Exercise goal:
When you reach the line with "Sick woman in" in the listing below, transcribe it and each line after it up to and including the line with "Schoolgirls perform during", exactly and with nothing else.

*** Opening of Excerpted data ***

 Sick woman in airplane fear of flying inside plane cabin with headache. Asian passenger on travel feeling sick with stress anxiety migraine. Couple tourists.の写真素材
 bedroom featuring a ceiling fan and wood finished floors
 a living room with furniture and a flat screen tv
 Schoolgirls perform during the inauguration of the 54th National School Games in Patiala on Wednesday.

*** Close of Excerpted data ***
*** Opening of Excerpted data ***

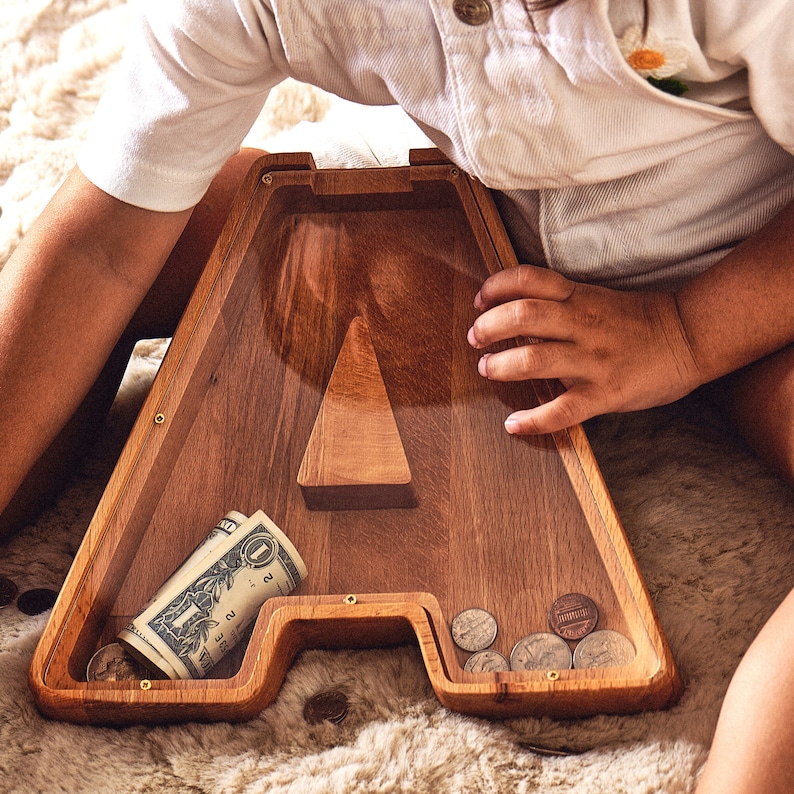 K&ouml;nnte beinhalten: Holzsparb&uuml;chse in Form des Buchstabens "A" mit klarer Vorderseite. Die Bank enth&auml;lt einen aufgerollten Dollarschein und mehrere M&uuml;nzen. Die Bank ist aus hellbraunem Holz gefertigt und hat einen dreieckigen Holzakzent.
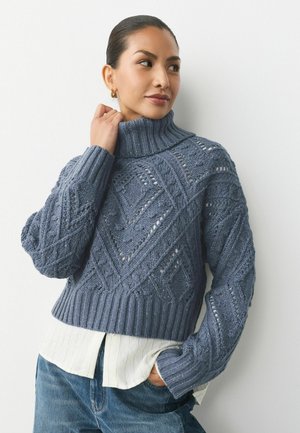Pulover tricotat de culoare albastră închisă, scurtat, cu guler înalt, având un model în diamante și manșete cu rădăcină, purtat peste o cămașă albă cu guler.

*** Close of Excerpted data ***

Answer space:
 Sick woman in airplane fear of flying inside plane cabin with headache. Asian passenger on travel feeling sick with stress anxiety migraine. Couple tourists.の写真素材
 bedroom featuring a ceiling fan and wood finished floors
 a living room with furniture and a flat screen tv
 Schoolgirls perform during the inauguration of the 54th National School Games in Patiala on Wednesday.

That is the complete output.